『パブリック 図書館の奇跡』に考える
エミリオ・エステベス監督の『パブリック 図書館の奇跡』を劇場で見た。興味深い題材だったが、最近見た新作では一番期待外れだった。新聞各紙の映画評ではかなり高い評価だったのに。それでも考えさせられることの多い内容だったのは間違いない。
映画は真冬の米・シンシナティの公共図書館が舞台。監督兼主演のエミリオ・エステベス演じるスチュワートは図書館で働いているが、来館者には暖を求めて来るホームレスも多い。職員はそんな彼らを追い出さず、うまく関係を保っていた。
とりわけ寒いある日の夕方、時間になってもホームレスたちは図書館を出ようとせず、入口を閉じて占拠を始めた。町中にあるシェルターは満員で行き場がないと言う。たまたまスチュワートは占拠された側にいて、図書館の警備や警察との交渉をすることになる。

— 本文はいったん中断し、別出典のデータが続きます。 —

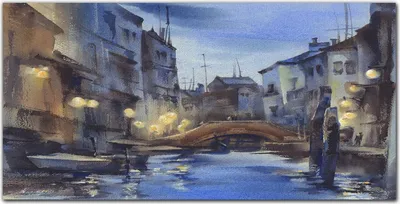 Produktbild von Coloray - Bild aus Glas - Glasbilder - 100 x 50 cm - Wanddekoration Wohnzimmer Glasblock mit Bild Gehärtetes Glas Dekoration Küche - Brücke Stadt Flußboote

図書館長、息子がホームレスの警察署長(アレク・ボールドウィン)、市長選に立候補中の検事などが「制圧」側だが、途中で図書館長はホームレス側につく。これにスチュワートの同僚の女性、彼のアパートで出会ったばかりの恋人、テレビ局のアナウンサーなどの女性陣も加わって、それぞれの思惑を含めたドラマが展開する。
ところが映画は最初にスチュワートが出てきた時から「いかにも」の場面ばかりで、まるで「公共図書館とは何か」を考えるために無理に作られたように思えた。ホームレスたちの占拠が市民的な広がりを見せるかと期待したが、いくつものおもしろくなりそうな要素を見せながらも、結実しなかった。
原題はThe Public。映画の図書館の名前はシンシナティ公共図書館Cincinatti Public Libraryで、公共図書館はニューヨークにもあって、ワイズマンのドキュメンタリー『ニューヨーク公共図書館 エクス・リブリス』の舞台になった。ここは旅行者でも誰でも入れる図書館で、中ではレクチャーや語学教室なども開いているのはワイズマンの映画で見た通り。
いざという時はホームレスを泊めてもいいのではないか、という発想は公共=Publicの概念による。みんなのための施設なのだから、もっと柔軟に対応したらどうかという考えだ。日本だととんでもないということになるが、アメリカだと「場合によっては」ではないか。
個人的には、日本は役所を筆頭に図書館も美術館も学校も「公共」施設はもっとオープンにすべきだと思う。例えばコロナ禍で「何ができるか」を考えたら、いろいろありそうだ。